Liger-Kernel
Liger-Kernel copied to clipboard
Tensor Parallel support
🐛 Describe the bug
When enabling Tensor Parallelism with training, I get the following new error:
[rank1]: File "/root/miniconda3/envs/py3.11/lib/python3.11/site-packages/transformers/models/llama/modeling_llama.py", line 287, in forward
[rank1]: hidden_states = self.input_layernorm(hidden_states)
[rank1]: ^^^^^^^^^^^^^^^^^^^^^^^^^^^^^^^^^^^ [rank1]: File "/root/miniconda3/envs/py3.11/lib/python3.11/site-packages/torch/nn/modules/module.py", line 1751, in _wrapped_call_impl
[rank1]: return self._call_impl(*args, **kwargs)
[rank1]: ^^^^^^^^^^^^^^^^^^^^^^^^^^^^^^^^ [rank1]: File "/root/miniconda3/envs/py3.11/lib/python3.11/site-packages/torch/nn/modules/module.py", line 1857, in _call_impl
[rank1]: return inner()
[rank1]: ^^^^^^^
[rank1]: File "/root/miniconda3/envs/py3.11/lib/python3.11/site-packages/torch/nn/modules/module.py", line 1805, in inner
[rank1]: result = forward_call(*args, **kwargs)
[rank1]: ^^^^^^^^^^^^^^^^^^^^^^^^^^^^^
[rank1]: File "/root/miniconda3/envs/py3.11/lib/python3.11/site-packages/liger_kernel/transformers/rms_norm.py", line 33, in forward
[rank1]: return LigerRMSNormFunction.apply(
[rank1]: ^^^^^^^^^^^^^^^^^^^^^^^^^^^
[rank1]: File "/root/miniconda3/envs/py3.11/lib/python3.11/site-packages/torch/autograd/function.py", line 575, in apply
[rank1]: return super().apply(*args, **kwargs) # type: ignore[misc]

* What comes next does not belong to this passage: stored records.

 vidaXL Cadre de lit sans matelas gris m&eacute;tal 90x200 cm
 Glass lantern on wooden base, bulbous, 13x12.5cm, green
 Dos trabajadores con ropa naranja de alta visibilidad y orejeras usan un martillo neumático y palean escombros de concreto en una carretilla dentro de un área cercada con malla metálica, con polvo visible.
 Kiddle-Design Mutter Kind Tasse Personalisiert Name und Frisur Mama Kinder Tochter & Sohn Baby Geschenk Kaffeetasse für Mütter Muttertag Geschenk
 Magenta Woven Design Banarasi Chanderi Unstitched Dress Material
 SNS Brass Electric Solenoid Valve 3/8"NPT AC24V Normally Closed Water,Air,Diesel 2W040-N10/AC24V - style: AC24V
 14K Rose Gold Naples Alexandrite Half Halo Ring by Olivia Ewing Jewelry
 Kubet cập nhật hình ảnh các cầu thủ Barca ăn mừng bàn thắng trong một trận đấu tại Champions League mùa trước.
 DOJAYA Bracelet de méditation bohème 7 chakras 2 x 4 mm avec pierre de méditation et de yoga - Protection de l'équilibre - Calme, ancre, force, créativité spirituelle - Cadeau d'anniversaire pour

[rank1]: ^^^^^^^^^^^^^^^^^^^^^^^^^^^^^^
[rank1]: File "/root/miniconda3/envs/py3.11/lib/python3.11/site-packages/liger_kernel/ops/utils.py", line 40, in wrapper
[rank1]: return fn(ctx, *args, **kwargs)
[rank1]: ^^^^^^^^^^^^^^^^^^^^^^^^
[rank1]: File "/root/miniconda3/envs/py3.11/lib/python3.11/site-packages/liger_kernel/ops/rms_norm.py", line 556, in forward
[rank1]: Y, X, RSTD, BLOCK_SIZE, num_warps, casting_mode = rms_norm_forward(X, W, eps, offset, casting_mode, row_mode)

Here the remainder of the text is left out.